The Spellings' Commission on the Future of Higher Education; It's a Start

The Spellings' Commission on the Future of Higher Education; It's a Start

Important higher ed issues are out of the bag and open to discussion.

The Commission of the Future of Higher Education, sponsored by Secretary of Education Margaret Spellings, made its final report, "A Test of Leadership," in September 2006. One might ask why so many years have passed without a national dialogue on the very educational issues that are front and center to national competitiveness and college affordability issues, which are regularly discussed around every family's kitchen table? Was the hiatus period due to other priorities? Or, as some have said, was the commission's report timed to the midterm congressional elections? It really doesn't matter; the issues are out of the bag and open to discussion at long last, thanks to Spellings.

In a news release dated September 26, 2006, Spellings stated the purpose of the commission was to open a "robust national dialogue on the vital issues of accessibility, affordability, and accountability." These are the issues now and have been the issues for a long time, at least back to the Higher Education Act of 1965 and maybe as far back as the Morrill Acts of 1862 and 1890 with respect to the access issue.

In the judgment of the commission, "higher education has become ... at times self satisfied and unduly expensive." Certainly no one would argue with the "unduly expensive" part of that statement. Cost containment was a priority issue for the Spellings Commission. Cost containment was also the thrust of the findings of the Advisory Committee on Student Financial Assistance in its recent report, "Mortgaging Our Future." In fact, the Advisory Committee estimates that 2.4 million qualified students will not obtain a bachelor's degree this decade because of financial barriers (Advisory Committee, 2006). However, cost containment was not the only issue that commission members had a problem with. I was in attendance at the final commission briefing at the Department of Education and there was push back on the conclusions from several members of the commission, even though only David Ward, president of the prestigious American Council on Education, abstained from signing the document. What he said is worth repeating:

I, like many of the college presidents I represent, believe that while our country's system of higher education remains among the best in the world, we face the challenges of maintaining that stature. Some of these challenges come from abroad, from the increasingly competitive global marketplace in which our country must compete economically and for which our institutions are relied on as a continued source of innovation. Other challenges are closer to home, such as the need to attend to crucial issues of affordability, access, and accountability that threaten our ability to serve students, families. And the nation's long-term economic, social, and creative needs.

Specifically, Ward takes issue with the commission's one-size-fits-all approach to problem solving:

"For example, many of the problems cited in the report are the result of multiple factors but they are sometimes attributed entirely to the limitations of higher education. The recommendations as a whole fail to recognize the diversity of missions within higher education." (Ward, 2006)

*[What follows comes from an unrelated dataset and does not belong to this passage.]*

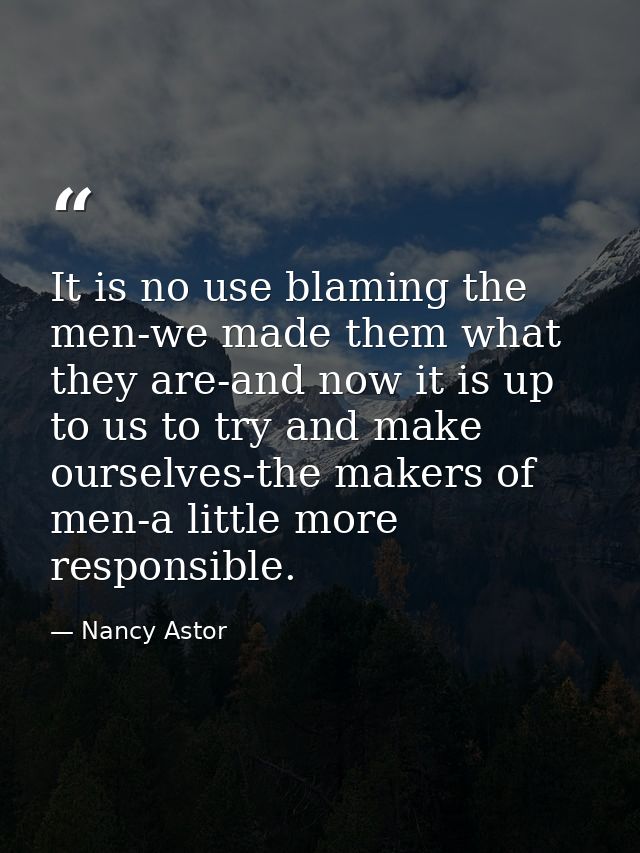 It is no use blaming the men-we made them what they are-and now it is up to us to try and make ourselves-the makers of m — Nancy Astor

Another commission member, Richard Vedder, a professor at Ohio University and a visiting scholar at the American Enterprise Institute, did sign the report with numerous comments concerning errors of omission. He opined that the good in the report exceeds the bad, so he joined the other 18 of the 19 members of the commission in signing the report. He states: "There are many problems with our current system of higher education that are ignored or only vaguely discussed by the commission." Prominent on Vedder's list is this observation: "While appropriately calling the patch-work system of federal financial assistance programs 'dysfunctional,' there are no recommendations to improve it." ( Vedder, 2006)

At the commission briefing, Vedder chided the commission for making no mention of the $60 billion per year private sector Federal Family Education Loan (FFEL) Program in its report. Charles Miller, chairman of the commission, commented in a press conference that he thought, over time, private loans would replace federal student loans as private loan products develop to be just another consumer finance sector. One might ask, what happened to the "lender of last resort" concept that underpins all federal loan programs for people without credit, such as students from low- and middle-income families? Federally subsidized student loans are part of need-based aid, along with Pell Grants.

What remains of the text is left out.